Смелого пуля боится,
Смелого штык не берет.
Один западный репортер[169], живший в то время в Москве, писал о «подчеркнутой мужественности» Суркова. Грубый, краснолицый и мускулистый, он говорил громко — иногда казалось, будто он обращается к толпе, а не к одному собеседнику. Ходил он нарочито быстро, широким шагом. Сурков родился на девять лет позже Пастернака в крестьянской семье в подмосковной деревне; приехав в столицу, он задумал завоевать себе прочное положение. Венгерский писатель Дьердь Далош, учившийся в МГУ, назвал его особым советским видом мольеровского «мещанина во дворянстве». Далош пришел к выводу: «…чтобы понять фигуру[170] вроде Суркова, добро и зло следует считать не противоположностями, но частями одного нераздельного целого». Один советский перебежчик, давший показания в конгрессе США, утверждал, что Сурков был «человеком КГБ»[171], имея в виду, что он считался доверенным лицом, исполнявшим, когда требовалось, поручения органов госбезопасности.
Надежда Мандельштам отмечала, что в разговорах Сурков всегда ссылался на некую таинственную организацию, которую он называл «они». Он часто даже хотел проявить доброту, но не способен был действовать, пока не узнает мнения вышестоящих.
«Я заметила, что «они» считают, думают, полагают[172]… Однажды я спросила: кто же это «они»? «Ведь для меня «они» это вы». Он был крайне удивлен — мы так приятно разговаривали, и для него, поэта, вдова погибшего поэта была дамой, которую он однажды принял без очереди. Потом я поняла, что мир состоит из этажей и те, кто выше, называются «они». Сурков ходит на один из невысоких этажей, и ему тоже говорят, что надо доложить и выяснить, как «они» на это посмотрят.

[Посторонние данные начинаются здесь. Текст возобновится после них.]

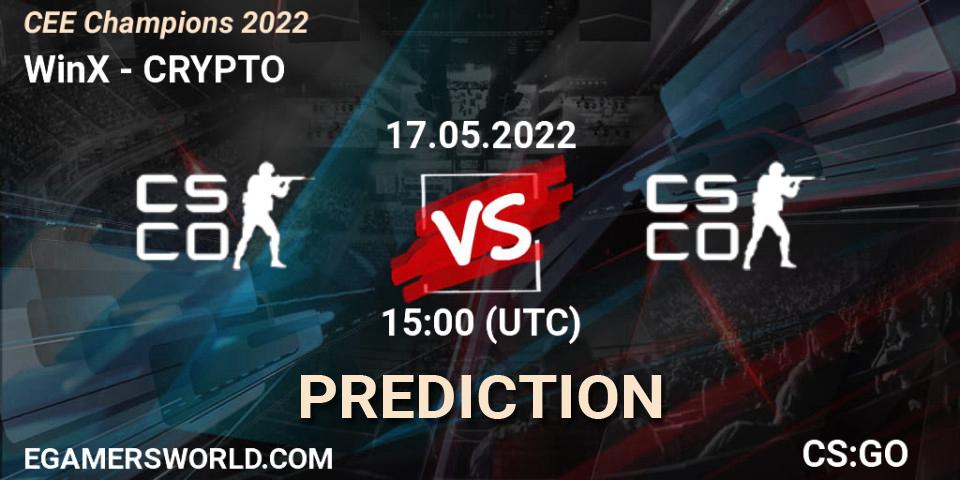 WinX contre CRYPTO : prédiction de match. 17.05.2022 at 15:00. Counter-Strike (CS2), CEE Champions 2022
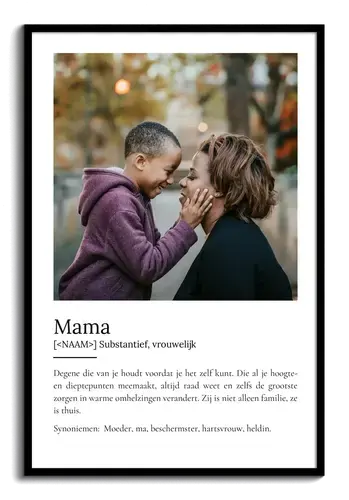 Mama Definitionsposter met eigen foto aanpassen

Над следующим «они» перекрытие, а затем снова «они». Н. Я. Мандельштам приходит к выводу: «Кругом «они», и Сурков мечется, улещивая писателей, ведя классовую борьбу и вымаливая у тех, кто «они», кое-какие подачки для своих подопечных. В классовой борьбе он должен сохранять кадры».
К Пастернаку Сурков питал особую враждебность, зато проявлял заботу об Ахматовой. Он старался облегчить ей жизнь и даже приносил ей роскошные розы. Однако «он душой и телом был предан[173] системе, которая испытывала патологический страх перед каждым словом, не стесненным рамками условностей, и особенно перед поэзией». Ни один поэт не вызывал в Суркове такой враждебности, как Пастернак. Однажды Пастернак в частной беседе просто пришел к выводу, что Сурков «его ненавидит»[174]. С другой стороны, Пастернака никогда не ожесточали враждебность и критика Суркова. После войны он хвалил стихи Суркова как образец нового реализма и уверял, что Сурков — один из его любимейших поэтов благодаря его грубо обтесанному, громогласному стилю. «Да-да, не удивляйтесь[175]. Он пишет, что думает: думает «Ура!» — и пишет «Ура!». У него есть свежие ритмы».